Carlos haussa les épaules. Qu’est-ce que cette requête avait à voir avec la vie? C’était comme si la personne voulait louer son talent pour occuper un rêve qui n’avait rien à voir avec lui.
N’était-il pas assez transparent dans son écriture? Un roman de lui serait tout à fait semblable aux lettres qu’il lui envoyait depuis dix ans.
Mais Serranna était ainsi. Elle évaluait tout sous l’égide de la réussite sociale. Il fallait confirmer ce talent, cette profondeur, ce ressenti que Carlos avait imprimé dans son cœur.
L’écriture Carlos était une espèce de bouffée d’air frais. Trop de gens vivaient en mal d’amour et voulaient se gaver de rêve pour y surseoir. Ce genre de service leur donnait à rêver une meilleure vie. Si Carlos devenait écrivain, le monde ne serait-il pas meilleur de ce fait?
Mais en réalité Carlos ne cherchait point cette reconnaissance. Elle était dénuée pour lui de toute valeur intrinsèque. Quand il se mettait à écrire dans le but d’être publié, il perdait constamment son souffle essentiel.
Ce qui parlait à Carlos, c’était beaucoup plus le soleil qui se levait le matin, les arbres qui frétillaient le midi et la lune qui caressait l’onde noire le soir.
Il y avait des projets aussi, une organisation clandestine, les rues bossées et nues d’Esteli. Il était membre d’une famille et leur devait beaucoup : ses parents, ses frères, ses cousins. Il fallait travailler sans cesse dans des fermes, traire des vaches, raser des moutons, tout ça pour pas de salaire ou bien si vous voulez bien pour une carafe de lait, un peu de viande, des fèves récoltées à même le champ.
Pendant ce temps les gardes nationaux paradaient dans la ville, leurs M-16 rutilantes étaient des passe-partout scandaleux. Combien de ses amis avaient été détroussés ou taxés par ces militaires ripoux? Combien de femmes d’Esteli s’étaient vendues pour répondre aux exigences de ce cartel militaire? Il ne savait pas du tout.
Tout ce qu’il savait c’est qu’il brûlait de rage depuis la nuit du 4 novembre. Il avait trouvé un garde en train de détrousser le cadavre d’une jeune fille sur le bord du portail de l’église. Il faisait nuit.

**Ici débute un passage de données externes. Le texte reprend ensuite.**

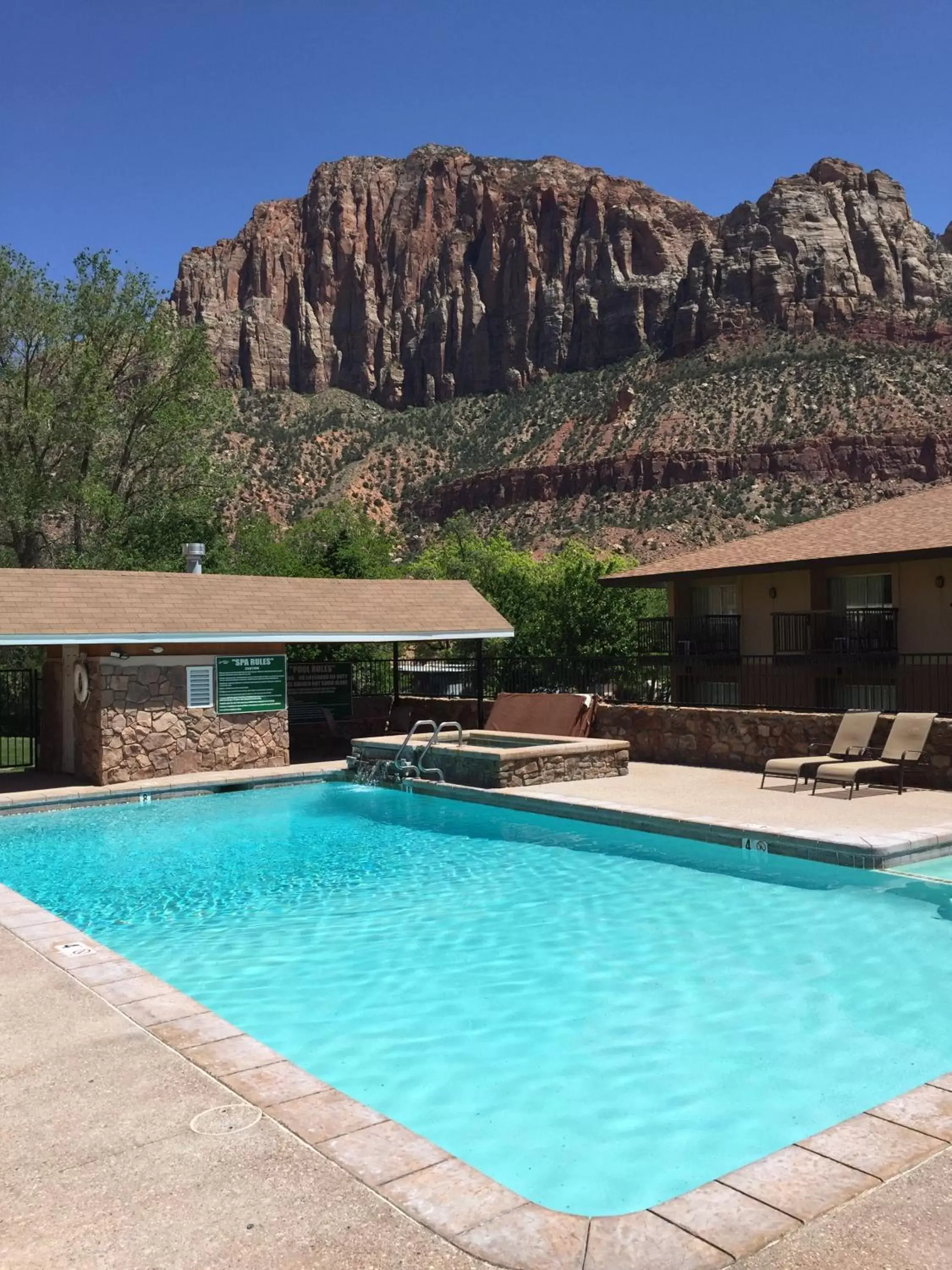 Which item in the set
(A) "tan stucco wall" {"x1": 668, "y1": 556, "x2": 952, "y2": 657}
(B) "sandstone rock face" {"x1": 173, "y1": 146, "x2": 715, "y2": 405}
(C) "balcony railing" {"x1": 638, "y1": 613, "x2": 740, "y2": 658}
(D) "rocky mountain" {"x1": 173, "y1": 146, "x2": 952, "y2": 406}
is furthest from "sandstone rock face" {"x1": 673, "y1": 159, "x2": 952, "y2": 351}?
(A) "tan stucco wall" {"x1": 668, "y1": 556, "x2": 952, "y2": 657}

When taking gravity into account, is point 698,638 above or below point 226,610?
below

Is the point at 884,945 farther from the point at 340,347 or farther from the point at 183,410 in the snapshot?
the point at 340,347

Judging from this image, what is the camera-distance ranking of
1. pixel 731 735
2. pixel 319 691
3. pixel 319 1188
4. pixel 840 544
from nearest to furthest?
pixel 319 1188, pixel 731 735, pixel 840 544, pixel 319 691

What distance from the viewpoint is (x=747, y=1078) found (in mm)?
5352

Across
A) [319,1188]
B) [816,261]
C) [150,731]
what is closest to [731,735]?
[150,731]

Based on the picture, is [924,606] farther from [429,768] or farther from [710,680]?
[429,768]

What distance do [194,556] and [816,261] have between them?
8806cm

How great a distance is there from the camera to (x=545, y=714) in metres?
19.0

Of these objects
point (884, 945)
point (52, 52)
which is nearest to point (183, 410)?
point (52, 52)

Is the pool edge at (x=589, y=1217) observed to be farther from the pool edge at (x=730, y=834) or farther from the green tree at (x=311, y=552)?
the green tree at (x=311, y=552)

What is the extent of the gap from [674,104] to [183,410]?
99.6 feet

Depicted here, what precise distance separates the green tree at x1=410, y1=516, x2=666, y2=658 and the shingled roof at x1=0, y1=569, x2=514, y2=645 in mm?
3776

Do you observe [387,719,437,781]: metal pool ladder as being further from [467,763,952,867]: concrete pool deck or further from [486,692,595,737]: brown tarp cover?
[486,692,595,737]: brown tarp cover

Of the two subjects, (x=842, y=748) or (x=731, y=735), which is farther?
(x=731, y=735) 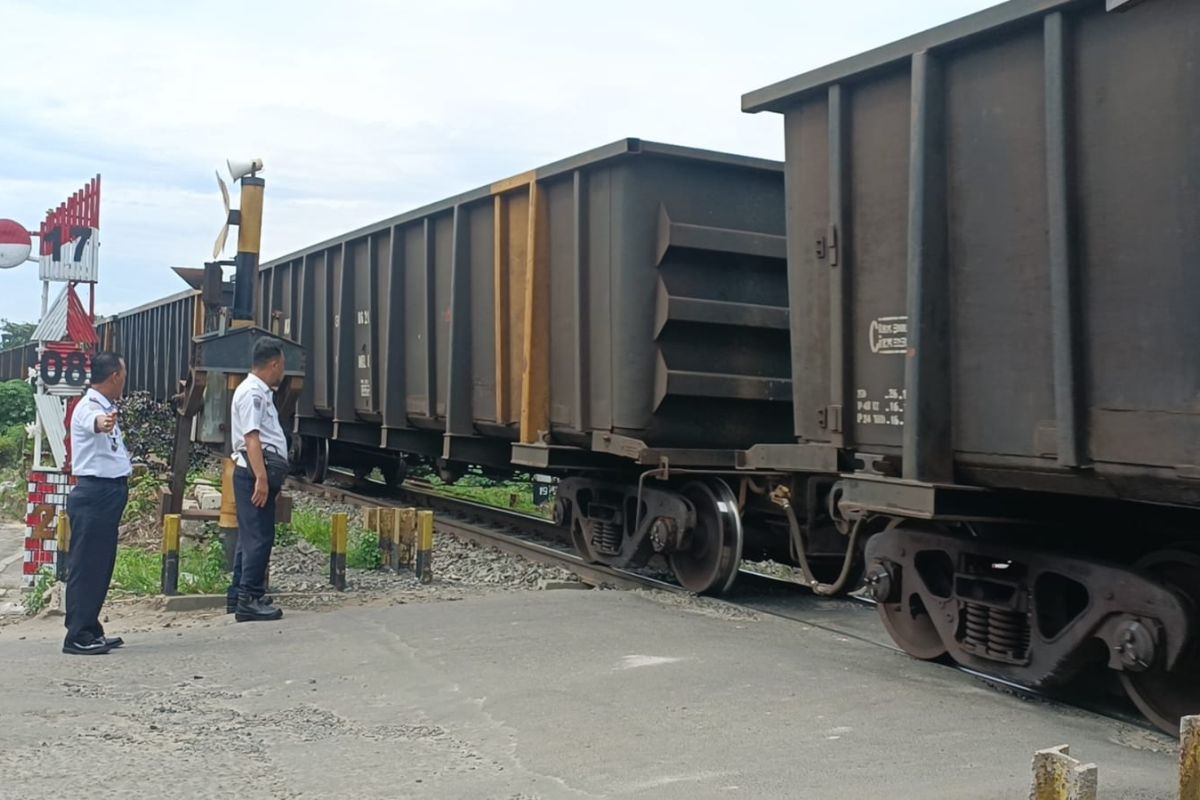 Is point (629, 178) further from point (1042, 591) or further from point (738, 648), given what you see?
point (1042, 591)

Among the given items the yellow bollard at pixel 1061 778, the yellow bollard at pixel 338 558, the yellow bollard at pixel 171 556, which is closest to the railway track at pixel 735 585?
the yellow bollard at pixel 338 558

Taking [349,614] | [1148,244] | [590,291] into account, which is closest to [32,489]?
[349,614]

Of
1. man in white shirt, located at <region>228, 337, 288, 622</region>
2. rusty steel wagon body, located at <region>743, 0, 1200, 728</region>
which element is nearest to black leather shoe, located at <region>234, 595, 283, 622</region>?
man in white shirt, located at <region>228, 337, 288, 622</region>

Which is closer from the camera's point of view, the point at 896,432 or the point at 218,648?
the point at 896,432

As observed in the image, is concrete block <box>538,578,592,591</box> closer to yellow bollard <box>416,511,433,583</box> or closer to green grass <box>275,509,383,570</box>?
yellow bollard <box>416,511,433,583</box>

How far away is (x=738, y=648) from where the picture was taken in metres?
5.96

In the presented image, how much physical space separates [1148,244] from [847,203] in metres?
1.70

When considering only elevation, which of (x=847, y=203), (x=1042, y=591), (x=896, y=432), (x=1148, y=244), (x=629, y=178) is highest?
(x=629, y=178)

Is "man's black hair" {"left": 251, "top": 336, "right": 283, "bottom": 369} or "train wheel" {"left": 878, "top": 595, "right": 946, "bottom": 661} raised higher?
"man's black hair" {"left": 251, "top": 336, "right": 283, "bottom": 369}

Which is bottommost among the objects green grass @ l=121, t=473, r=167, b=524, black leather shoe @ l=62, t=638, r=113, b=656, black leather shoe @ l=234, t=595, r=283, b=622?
black leather shoe @ l=62, t=638, r=113, b=656

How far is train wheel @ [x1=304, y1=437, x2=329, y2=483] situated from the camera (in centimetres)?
1626

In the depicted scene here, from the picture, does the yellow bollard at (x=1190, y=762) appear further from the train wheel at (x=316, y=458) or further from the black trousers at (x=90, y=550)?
the train wheel at (x=316, y=458)

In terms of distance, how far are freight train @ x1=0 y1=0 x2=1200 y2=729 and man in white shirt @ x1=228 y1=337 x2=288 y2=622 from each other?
7.31ft

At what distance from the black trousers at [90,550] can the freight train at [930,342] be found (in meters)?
3.22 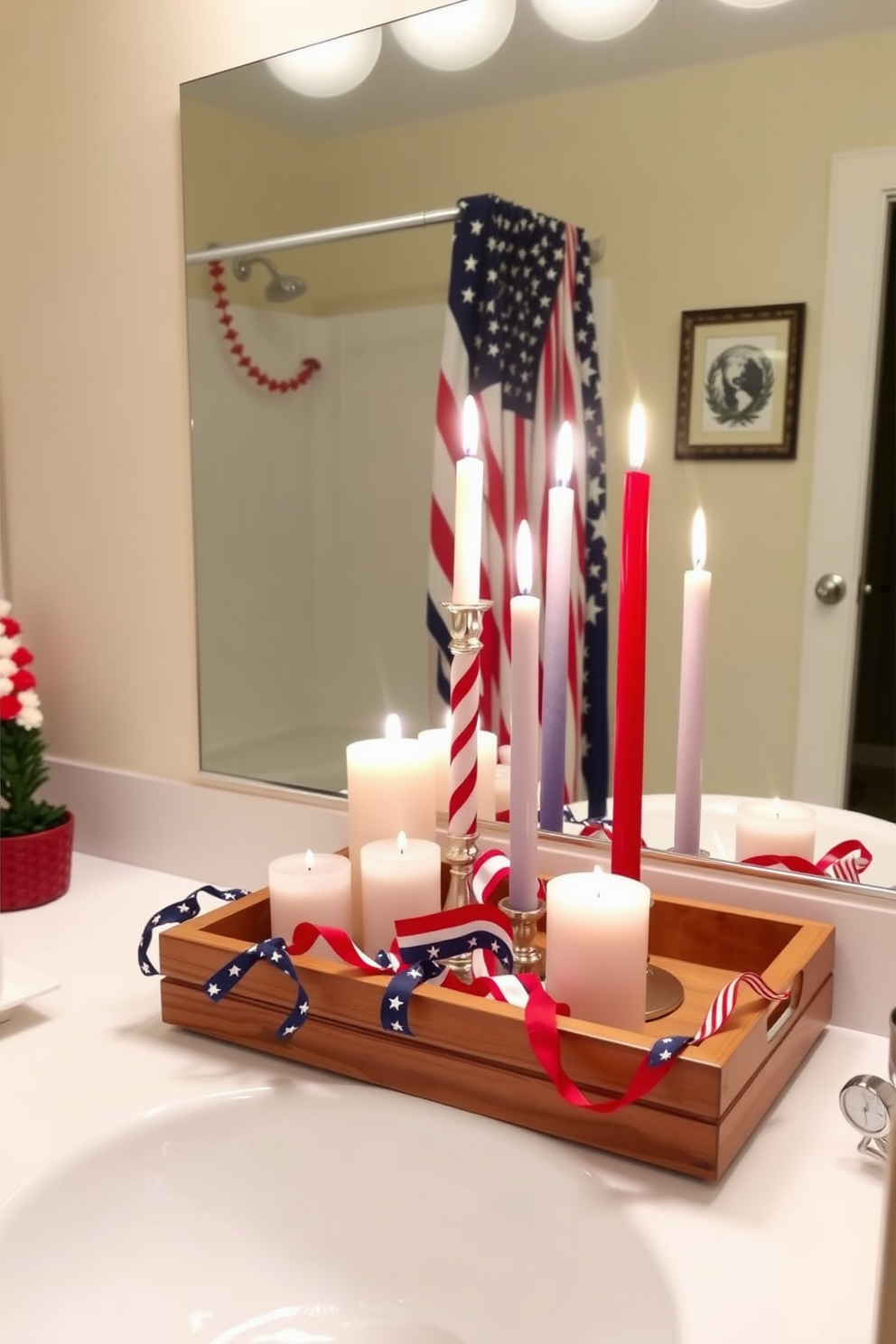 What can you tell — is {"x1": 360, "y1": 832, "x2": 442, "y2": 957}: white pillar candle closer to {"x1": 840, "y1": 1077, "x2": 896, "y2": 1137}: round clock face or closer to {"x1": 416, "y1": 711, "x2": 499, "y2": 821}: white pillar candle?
{"x1": 416, "y1": 711, "x2": 499, "y2": 821}: white pillar candle

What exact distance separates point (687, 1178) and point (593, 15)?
83 cm

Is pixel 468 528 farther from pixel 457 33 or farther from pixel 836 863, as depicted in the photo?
pixel 457 33

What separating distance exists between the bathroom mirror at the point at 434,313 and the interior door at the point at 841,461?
1 cm

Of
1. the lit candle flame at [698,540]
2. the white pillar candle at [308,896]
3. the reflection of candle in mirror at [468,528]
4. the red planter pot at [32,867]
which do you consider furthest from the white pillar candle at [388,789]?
the red planter pot at [32,867]

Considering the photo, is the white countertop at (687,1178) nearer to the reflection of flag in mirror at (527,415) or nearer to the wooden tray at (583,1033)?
the wooden tray at (583,1033)

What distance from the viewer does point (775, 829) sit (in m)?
0.84

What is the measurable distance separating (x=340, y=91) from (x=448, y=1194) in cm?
89

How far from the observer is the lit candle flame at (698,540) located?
840 millimetres

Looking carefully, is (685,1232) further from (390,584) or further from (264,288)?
(264,288)

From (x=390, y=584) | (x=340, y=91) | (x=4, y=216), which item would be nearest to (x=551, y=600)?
(x=390, y=584)

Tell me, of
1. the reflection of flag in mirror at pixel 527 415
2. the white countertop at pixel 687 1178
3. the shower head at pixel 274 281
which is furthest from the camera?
the shower head at pixel 274 281

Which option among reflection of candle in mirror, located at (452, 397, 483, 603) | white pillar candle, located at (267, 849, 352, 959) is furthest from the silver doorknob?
white pillar candle, located at (267, 849, 352, 959)

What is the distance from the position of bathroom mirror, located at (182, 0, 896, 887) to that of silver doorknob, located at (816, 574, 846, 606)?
2 cm

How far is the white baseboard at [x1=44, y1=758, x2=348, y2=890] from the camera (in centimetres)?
106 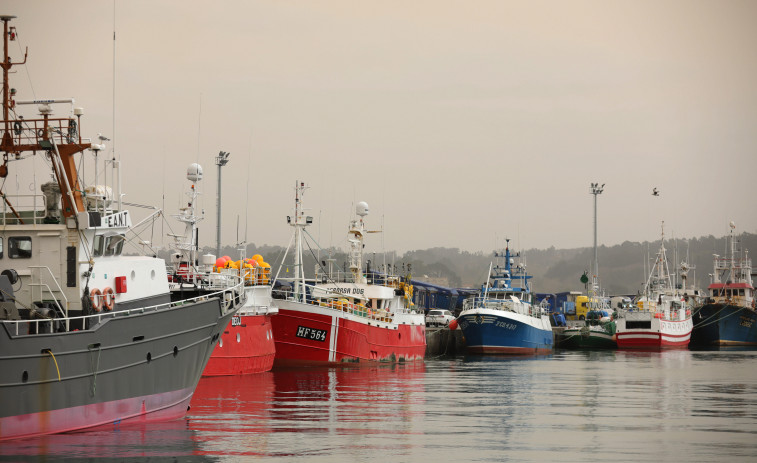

Carlos était d’un genre solitaire, même si sa famille ne pouvait s’en rendre compte. Il participait à toutes les fêtes familiales, payait son dû, se montrait disponible pour les corvées. Le père de Carlos possédait un lopin de terre situé à quatre kilomètres du centre-ville.
Il aurait voulu s’y trouver. Il aimait tant les montagnes du plateau.
La bise froide du soir mordit Carlos, il constata que la victime du garde était âgée de moins de dix ans. Elle saignait abondamment de partout. On pouvait deviner l’horreur du crime qu’elle avait subi en lisant les augures dans ce sang. Une autre victime du fusil sans pitié de la mitraille.
Un homme d’une quarantaine d’années se trouvait de l’autre côté de la rue. Il portait un débardeur turquoise, des jeans, une paire de lunettes fumées aux lentilles oranges.
Carlos ne s’en formalisa point.
Il lui jeta un regard complice. Le filet de rage passa entre eux : ils se jetèrent sur le garde sans réfléchir. Le soldat n’eut pas le temps de réagir. Les deux assaillants se saisirent de son arme et l’abattirent sans y penser deux fois.
Ce fut la première mitraillette dérobée par Carlos.
Les nuits du jeune homme changèrent. Il ne se consacrait plus qu’à l’écriture. Il était devenu bandido et révolutionnaire. Il avait abandonné ses romans pour s’adonner à la violence et écrire des pamphlets.
Il savait qu’il ne pourrait point accomplir sa révolution seul. Il lui fallait des alliés, mais ou pourrait-il les trouver?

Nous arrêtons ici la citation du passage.